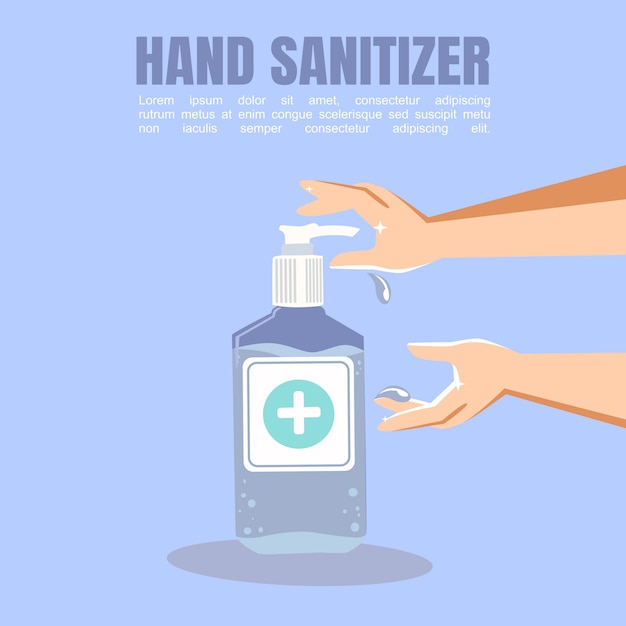 Fight corona virus,hand sanitizer,Disinfect hands with sanitizer gel concept in a flat design.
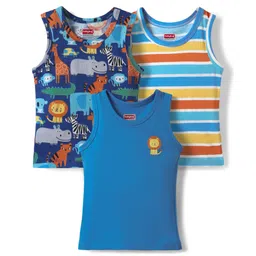 Babyhug 100% Cotton Single Jersey Knit Antibacterial Sleeveless Sando with Stripes & Animal Print Pack of 3 - Blue-picture-25
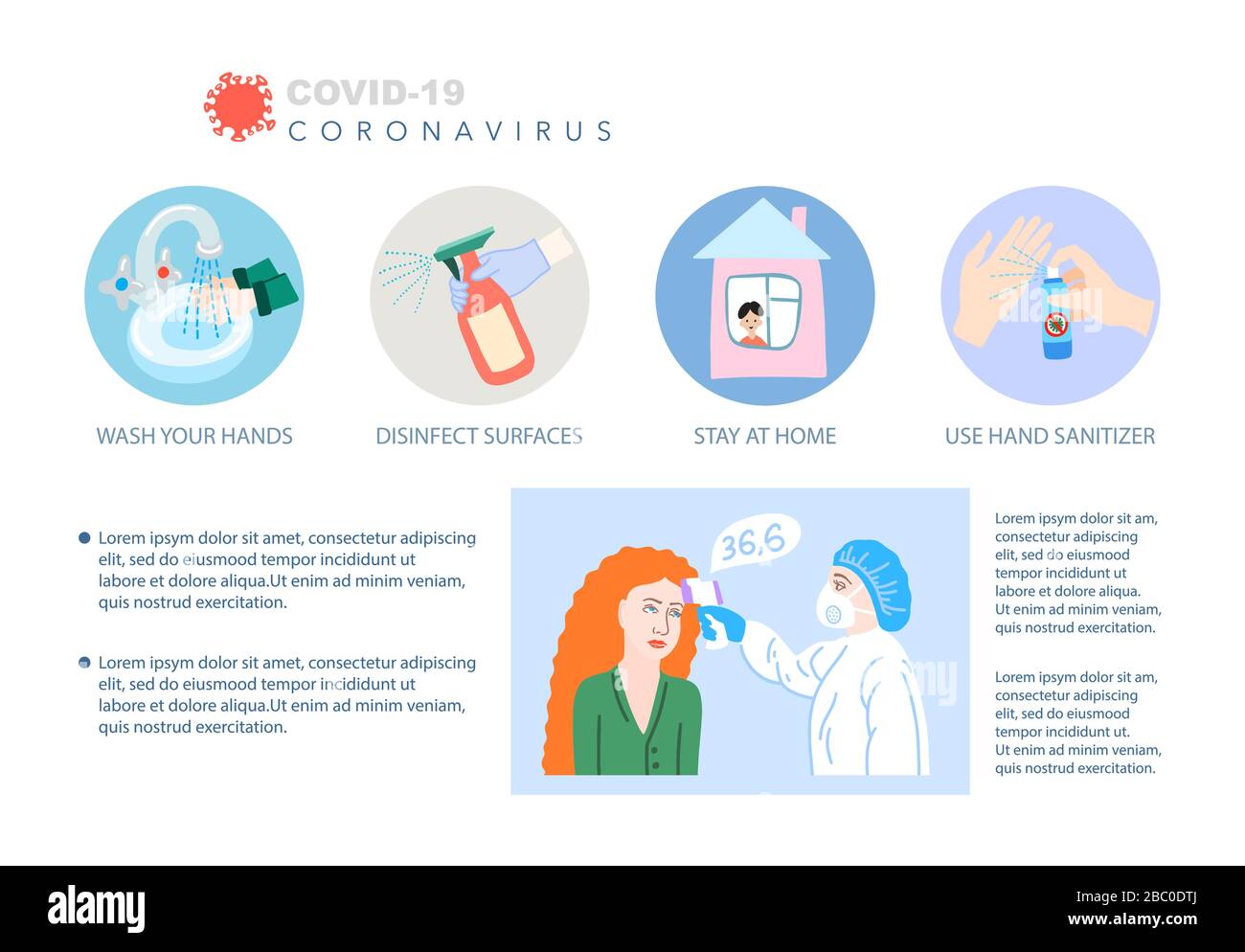 Coronavirus Kovid-19-Präventionsplakat, Stop Dangerous Virus Quarantäne Concept, Vektordarstellung für Poster Stock Vektor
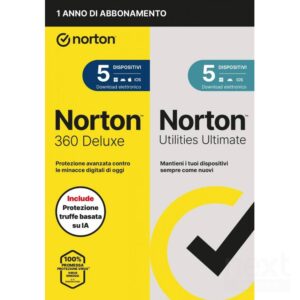 Norton 360 Deluxe + Utilities Ultimate 2026 | Antivirus per 5 Dispositivi Licenza di 1 Anno - immagine 2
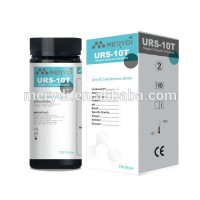 Urinalysis reagent test strips for 10 parameters Blood,Ketone,Glucose,pH,protein test kit,URS-10T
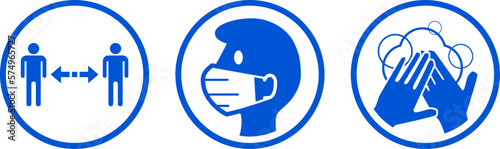 Coronavirus Covid-19 Measures and Warning Icon Set with Text including Wash Your Hands, Wear a Mask and Keep Your Distance. Vector Image.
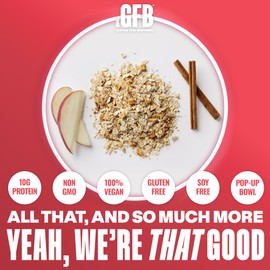 The GFB Apple Cinnamon Protein Oatmeal Cups - Unique Pop-Up Bowl - Gluten Free, Plant Based, Non GMO, Sustainably Made - Ridiculously Tasty, Healthy, Vegan Protein Instant Oatmeal, 2 oz (6 Count)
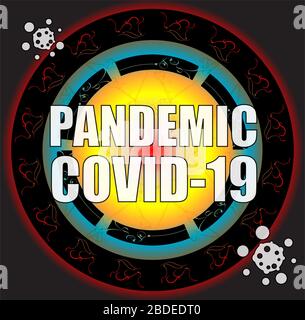 Pandemie. COVID-19, MERS-nCoV, Roman Corona-Virus (2019-nCoV). Abstraktes Virusstrain-Modell Stockfoto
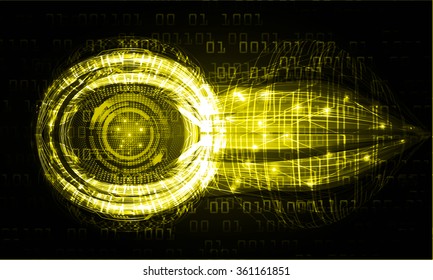 dark yellow Light Abstract Technology background for computer graphic website internet business. circuit. illustration. digital. infographics. binary code. www.Spark.zero one. eye scan virus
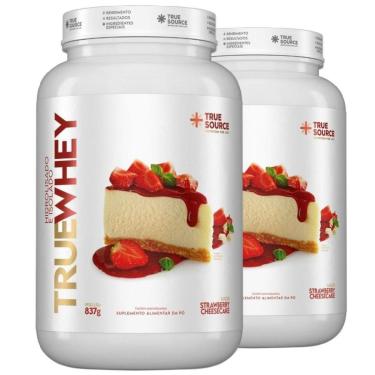 Imagem de Kit 2 Whey Protein Isolado Torta Morango 837g - True Source-Unissex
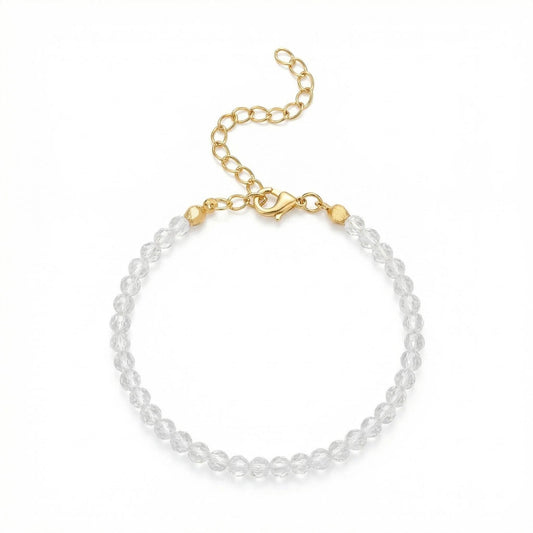 Withgenes Cubic Zirconia Bracelets for Women Shinning Diamond Crystal Bead Bracelet Unique Sparkly Simple Design Natural Stone Jewelry Gifts, CZ White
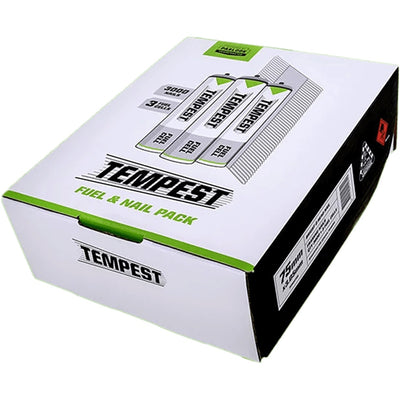 Tempest BY Paslode Impulse 3.05mm x 75mm Bright D-Head Framing Nails - Box Of 3000 + 3 Fuel Cells - JTD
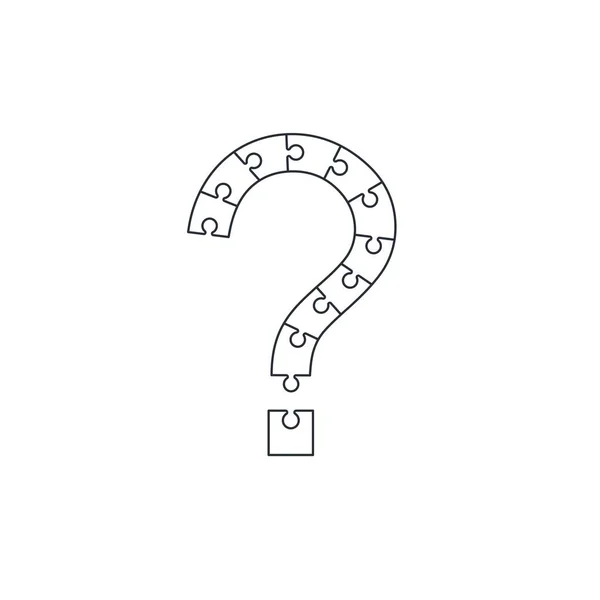 Puzzle Signo Interrogación Icono Lineal Vectorial Aislado Sobre Fondo Blanco — Archivo Imágenes Vectoriales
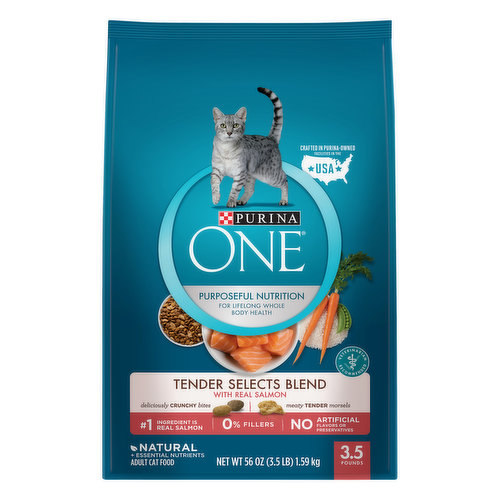 Calorie Content (calculated) ME: 3734 kcal/kg; 364 kcal/cup Purina One Tender Selects Blend with Real Salmon is formulated to meet the nutritional levels established by the AAFCO Cat Food Nutrient Profiles for maintenance of adult cats. No artificial flavors or preservatives. Purposeful nutrition. For lifelong whole body health. Deliciously crunchy bites. Meaty tender morsels. No.1 Ingredient is real salmon. 0% Fillers. Natural + essential nutrients. Veterinarian recommended. See the differences Purposeful Nutrition can make. With 0% fillers and 100% nutrition for adult cats, every ingredient in this recipe has a purpose. Made with real salmon, and no artificial flavors or preservatives, this tasty, meaty blend of protein-rich, crunchy and tender bites will satisfy your cat and promote lifelong whole body health. Strong Immune System: Supported by an antioxidant-rich blend of vitamins E & A and other nutrients. Healthy Skin & Coat: Supported by omega-6 fatty acids, vitamins & minerals. Strong Muscles Including a Healthy Heart: Supported by high-quality protein from sources including real salmon as the No.1 ingredient. Taste Appeal: Help keep cats coming back meal after meal with a blend of deliciously crunchy bites and tender, meaty morsels. Crafted with Real Ingredients: Real salmon - helps provide the protein your cat needs. Wholesome Grains - Help provide nutrients and carbohydrates for healthy energy. Accents of Real Vegetables: Including real carrots and peas. Purina - Your pet, our passion. The Purina Promise: Pets are our passion, safety is our promise. Progress is our pledge. Every ingredient has a purpose. purinaone.com/ingredients. Weight Circle: Purina One brand Cat Food Tender Selects Blend with Real Salmon 3.5 lb/1.59 kg. Satisfaction Guaranteed: We're confident Purina One will make a healthy difference in your pet. If for any reason you're not satisfied with this purchase, contact us and we'll refund your purchase price. how2recycle.info. Purinaone.com. purinaONE.com/ingredients. Purina.com. Twitter. Facebook: PurinaONE.com. Follow us at Purina.com. We're listening: Visit us online at purina.com or call 1-866-PURINA1 (1-866-787-4621). Purina One dry and wet recipes provide nutrition for lifelong whole body health. Indoor Advantage; True Instinct; Tender Selects Blend. Discover more at purinaone.com. how2recycle.info. Crafted in Purina-owned facilities in the USA. Printed in USA.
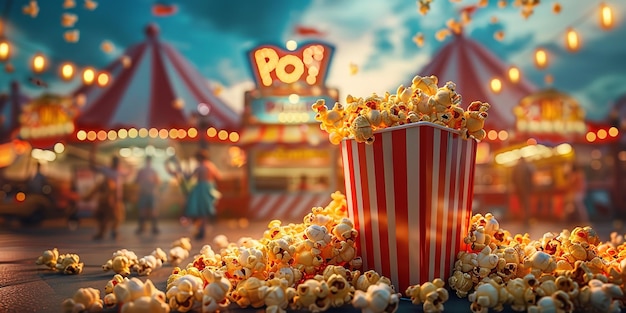 Popcorn een borrelende kermis omgeving opgenomen een popcorn stand waar enthousiaste individuen kunnen krijgen heerlijk popped popcorn en ruimte Generatieve AI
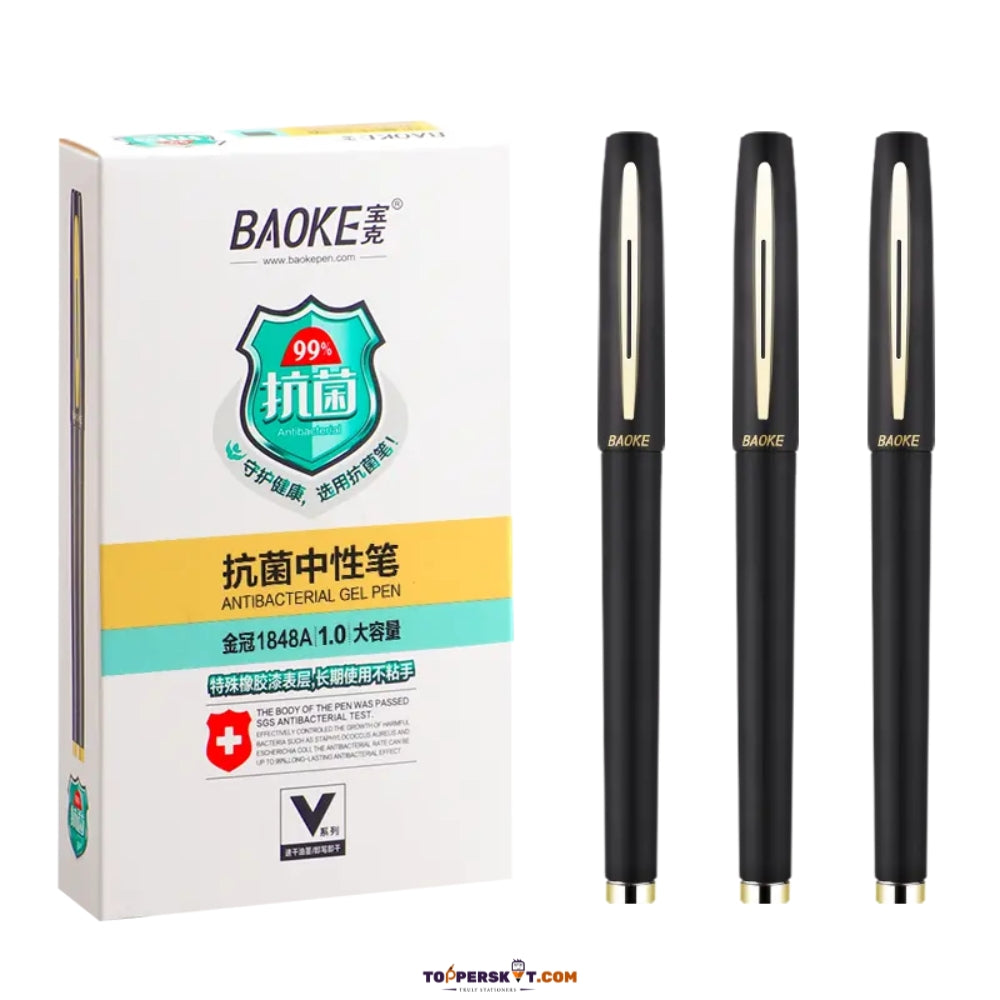 Baoke Black 0.7mm Gel Pen with 99% Antibacterial Protection (Pack of 1)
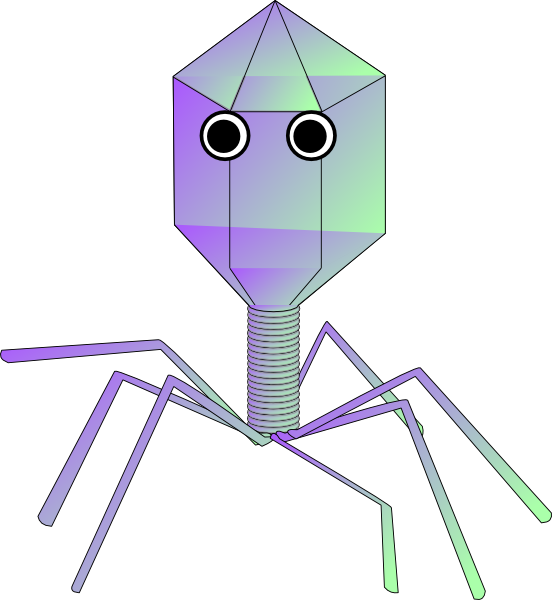 Geometric Bacteriophage Illustration PNG image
______
### [Exercise]
From the opening line of the entries above to the line that holds "Pandemie. COVID-19, MERS-nCoV, Roman", inclusive, reproduce each line exactly and omit any picture.

### [Exercise answer]
 Fight corona virus,hand sanitizer,Disinfect hands with sanitizer gel concept in a flat design.
 Babyhug 100% Cotton Single Jersey Knit Antibacterial Sleeveless Sando with Stripes & Animal Print Pack of 3 - Blue-picture-25
 Coronavirus Kovid-19-Präventionsplakat, Stop Dangerous Virus Quarantäne Concept, Vektordarstellung für Poster Stock Vektor
 Norton 360 Deluxe + Utilities Ultimate 2026 | Antivirus per 5 Dispositivi Licenza di 1 Anno - immagine 2
 Urinalysis reagent test strips for 10 parameters Blood,Ketone,Glucose,pH,protein test kit,URS-10T
 Coronavirus Covid-19 Measures and Warning Icon Set with Text including Wash Your Hands, Wear a Mask and Keep Your Distance. Vector Image.
 The GFB Apple Cinnamon Protein Oatmeal Cups - Unique Pop-Up Bowl - Gluten Free, Plant Based, Non GMO, Sustainably Made - Ridiculously Tasty, Healthy, Vegan Protein Instant Oatmeal, 2 oz (6 Count)
 Pandemie. COVID-19, MERS-nCoV, Roman Corona-Virus (2019-nCoV). Abstraktes Virusstrain-Modell Stockfoto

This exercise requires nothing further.